A key area of focus is pricing resilience: the ability to adjust prices quickly, efficiently and strategically to account for cost changes and market shifts. Companies without dedicated pricing expertise often lack the systems, processes and tools to move with the speed and precision required. CFOs must prioritize:

  • Developing clear pricing governance. Establishing a centralized decision-making process for pricing, rather than delegating it to individual sales teams or product managers.
  • Understanding customer value. Not all customers respond to pricing changes in the same way. CFOs must help the organization differentiate pricing strategies by segment and ensure that prices reflect customers’ perceived value.

Leading pricing strategy

CFOs may hesitate to step into the pricing role due to a perceived lack of expertise. However, the skills that make a CFO effective — financial acumen, analytical rigor and a focus on long-term value creation — are exactly what businesses need to address pricing challenges in uncertain times.

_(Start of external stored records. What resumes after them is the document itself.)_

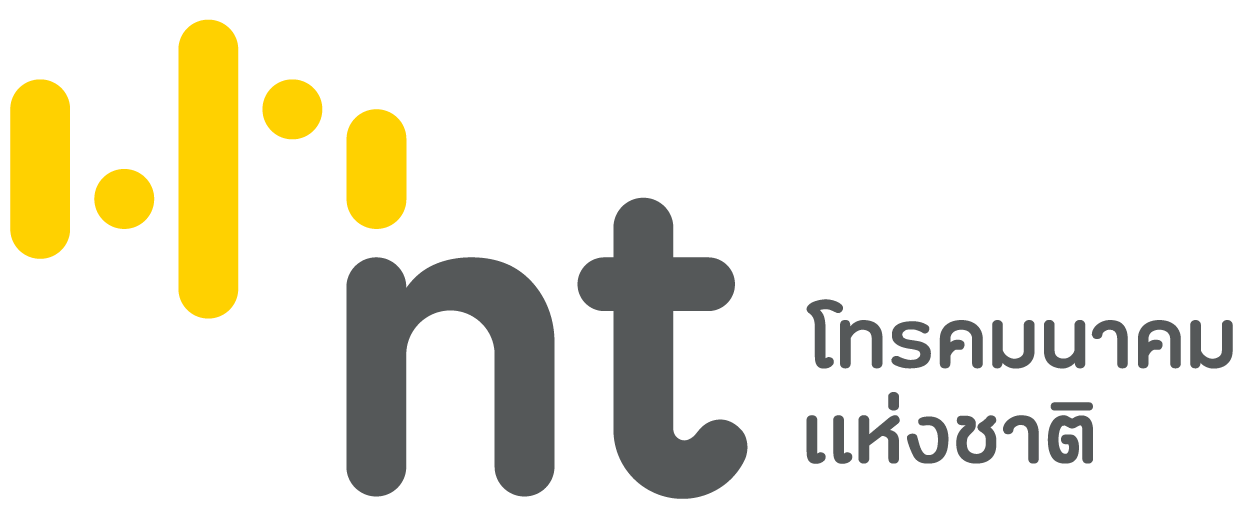 NT Metro Service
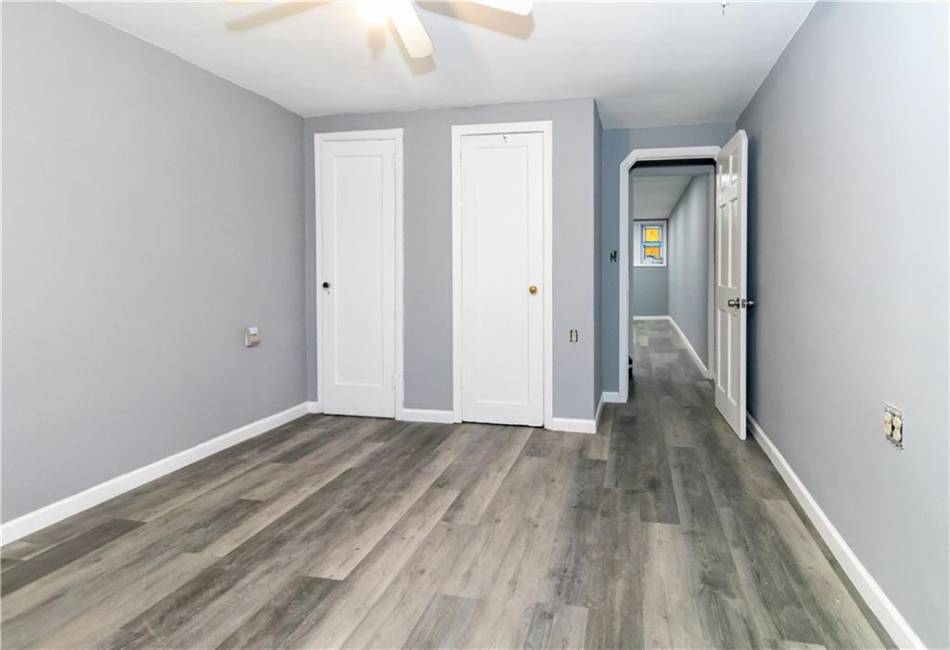 156 88th Street, Brooklyn, New York 11236, 4 Bedrooms Bedrooms, ,2 BathroomsBathrooms,Residential,For Sale,88th,492878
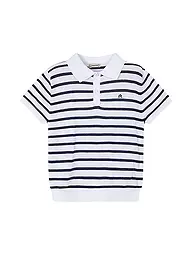 MAYORAL | Polo da ragazzo | Bianco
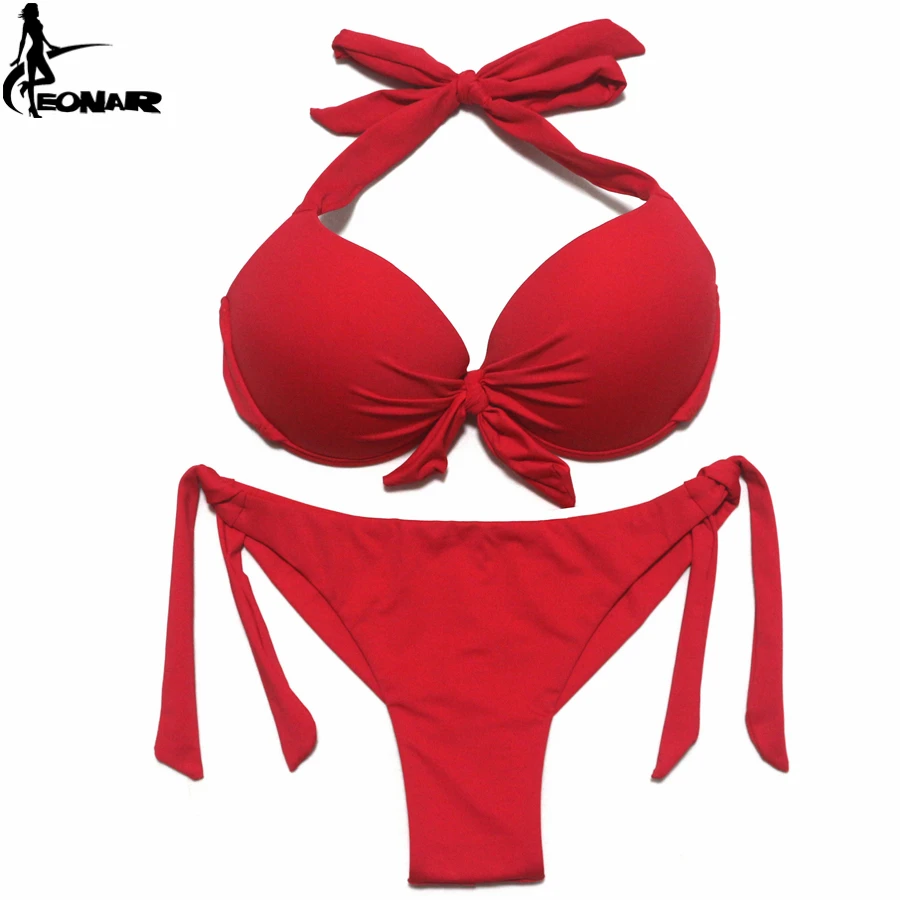 0901red02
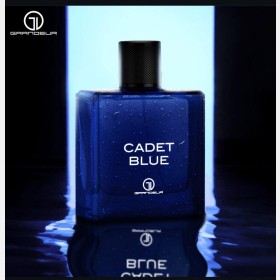 عطر كاديت بلو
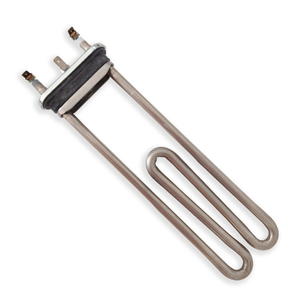 230V 1950W daldırma boru ısıtma elemanı yüksek güç ev kullanımı çamaşır makineleri yedek ısıtma elemanı - Product Image 5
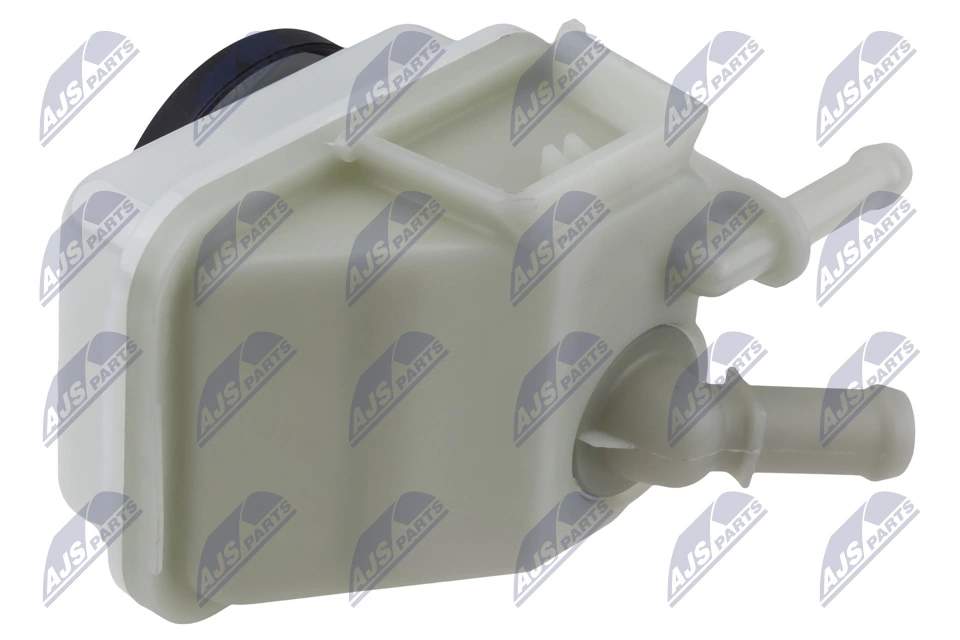 Comprar Depósito de bomba de dirección hidráulica Toyota Hilux  GUN12, GUN13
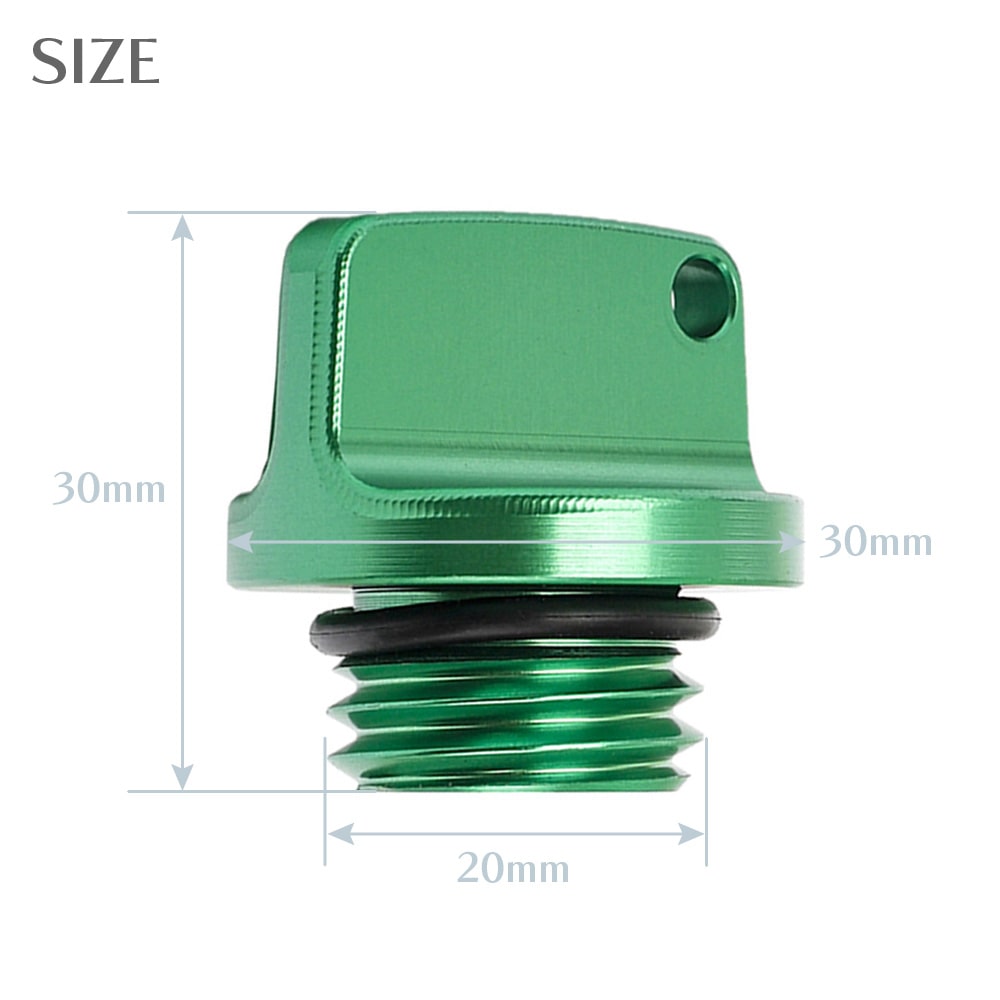 ���顼�����륭��å� JA07 JA10 AA04 JA44 AA09 AA07 JA42 JA61 JA60 JA59 JA48 JA58 JA55 JA65 �ǥ�å���/��ȥ륫�֤ʤɥ��������� ���꡼��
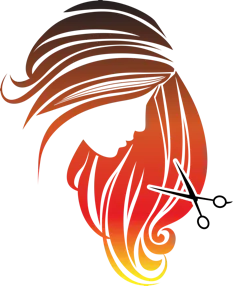 A Cut Above logo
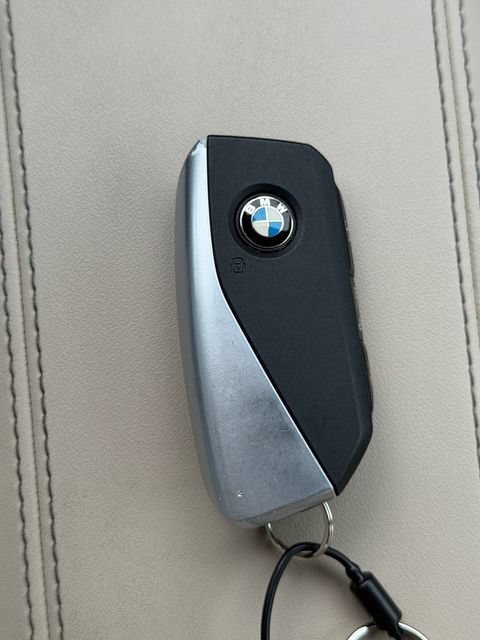 Used 2025 BMW 228i xDrive AWD/4WD image 28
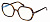e7be8aca133911ed95480050568900f8_fe1eb3cc189711ed84800050568900f8.jpg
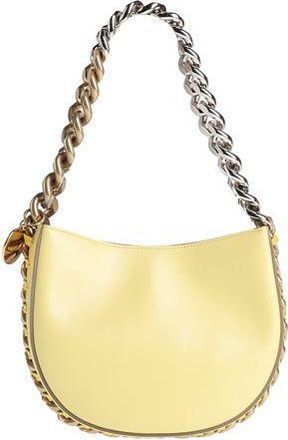 Stella McCartney BORSE - Borse a mano su YOOX.COM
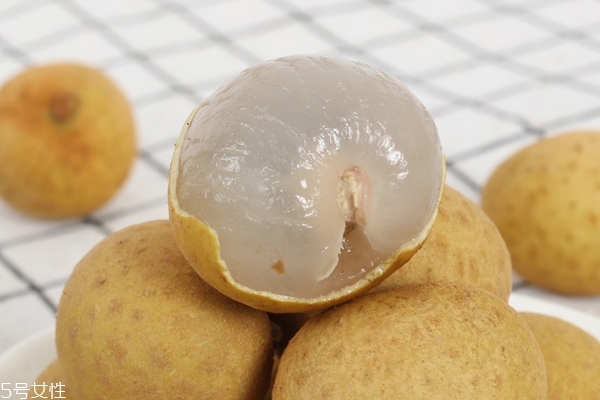 龍眼有什么營養(yǎng) 營養(yǎng)價(jià)值超高 龍眼有什么營養(yǎng) 營養(yǎng)價(jià)值超高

If the organization lacks a pricing team, the CFO can lead by assembling a cross-functional group, including finance, sales and operations, to align pricing priorities. This group can be the foundation for a more sophisticated pricing capability focused on data-driven decision-making and financial discipline. In the short term, the CFO’s leadership on pricing can protect margins and stabilize profitability. Over the long term, it positions the company to build a culture where pricing is treated as a strategic asset rather than a reactive tool.

This is not a temporary challenge. With ongoing global tensions and supply chain restructuring, experts predict market disruption will remain constant for the next 10-20 years. Companies that fail to adapt their pricing capabilities to this new reality risk falling behind more agile competitors.